Post-Generation Features
Several options are offered to enrich or adjust the generated content. They allow:
- Applying a new visual style;
- Extending a scene;
- Adjusting the video to correct composition or rhythm;
- Aligning it with dialogue through lip-sync;
- Switching to 4K for a high-resolution version;
- Using the current frame as a starting point for a new generation.
All productions are archived by session, with options for renaming, sharing, or downloading. These tools promote an iterative approach, focused on visual precision without technical complexity.
Initial feedback is very positive. Runway, which has just raised $308 million in a funding round led by General Atlantic, valuing it at over $3 billion, is democratizing technologies once reserved for large productions, thus opening up new opportunities for content creators.
To better understand
What is a 'General World Model' in artificial intelligence and why is it important?

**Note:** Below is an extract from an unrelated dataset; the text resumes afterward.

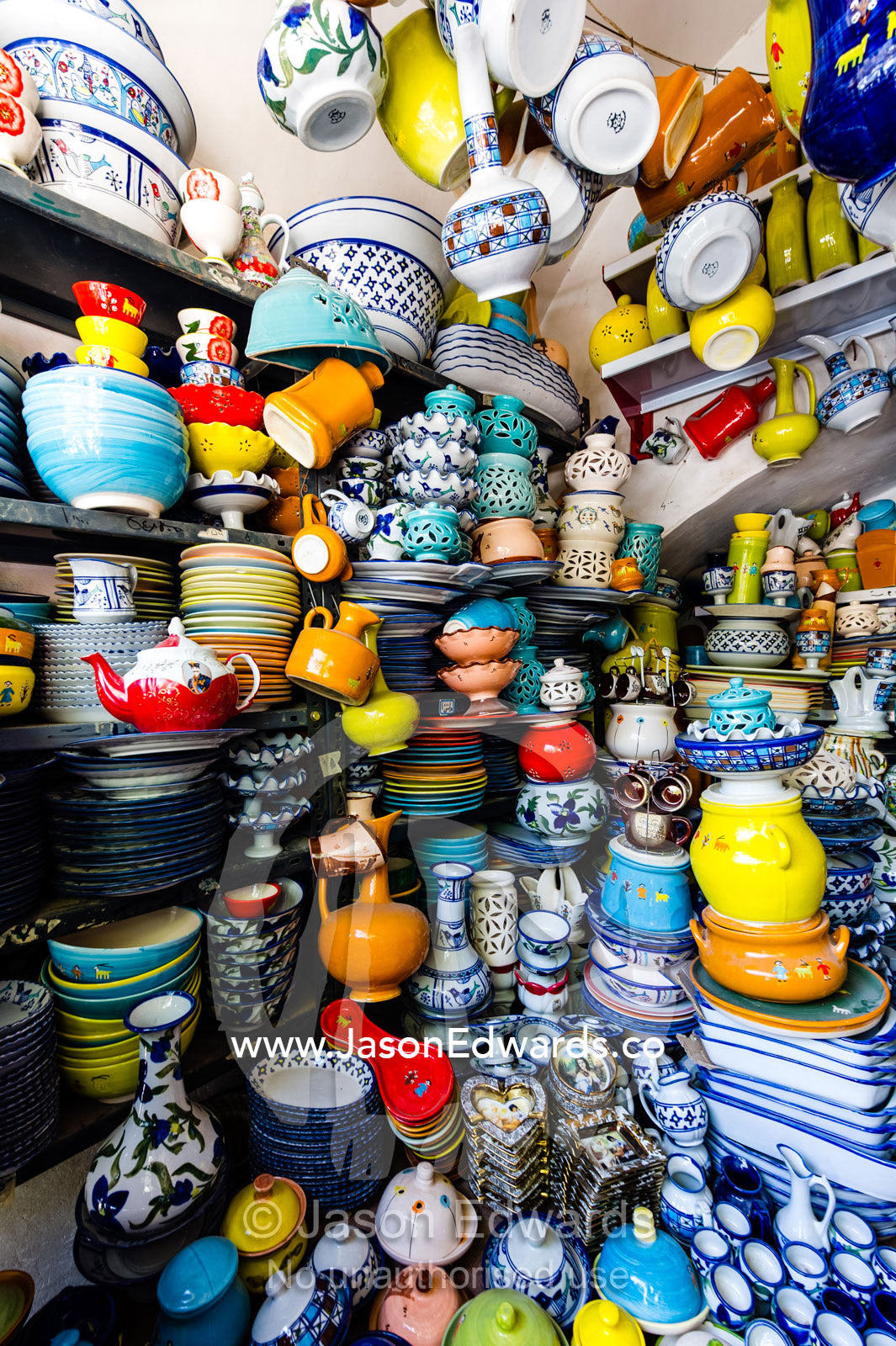 The ordered chaos of a pottery shop stacked high with ceramics. Yazd, Yazd Province, Islamic Republic of Iran.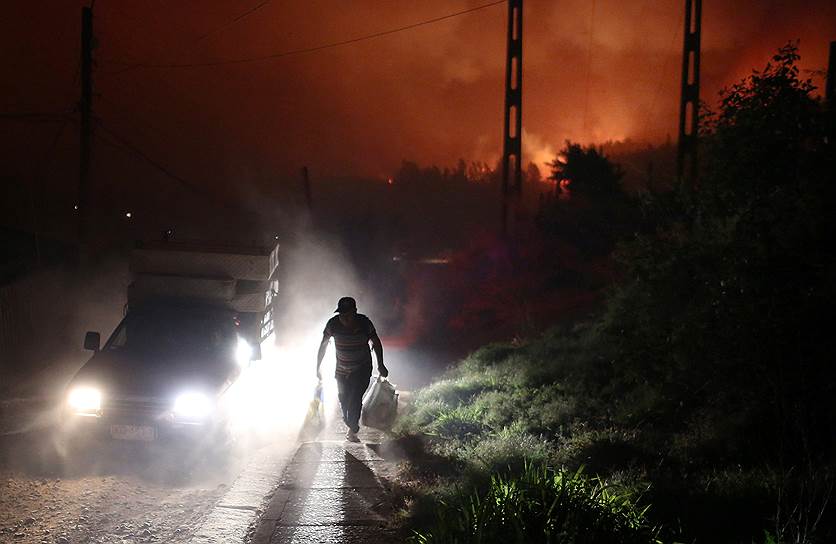 Санта Ольга , Чили.  Местный житель несет свои вещи после эвакуации из дома. Из-за лесных пожаров в нескольких регионах страны объявлено чрезвычайное положение, жертвами огня стали по меньшей мере шесть человек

A 'General World Model' is an AI system capable of simulating future events by constructing an internal representation of an environment. This enables AI systems to better understand and interact with the real world, paving the way for more advanced and versatile applications.
What is the historical evolution of AI media generation technologies and what are the key milestones?
The evolution of AI media generation technologies began with simple image manipulation techniques to today's advanced models enabling realistic video sequence creation. Key milestones include the development of deep learning, the integration of convolutional neural networks, and the creation of GAN algorithms, each transforming how media is generated by AI.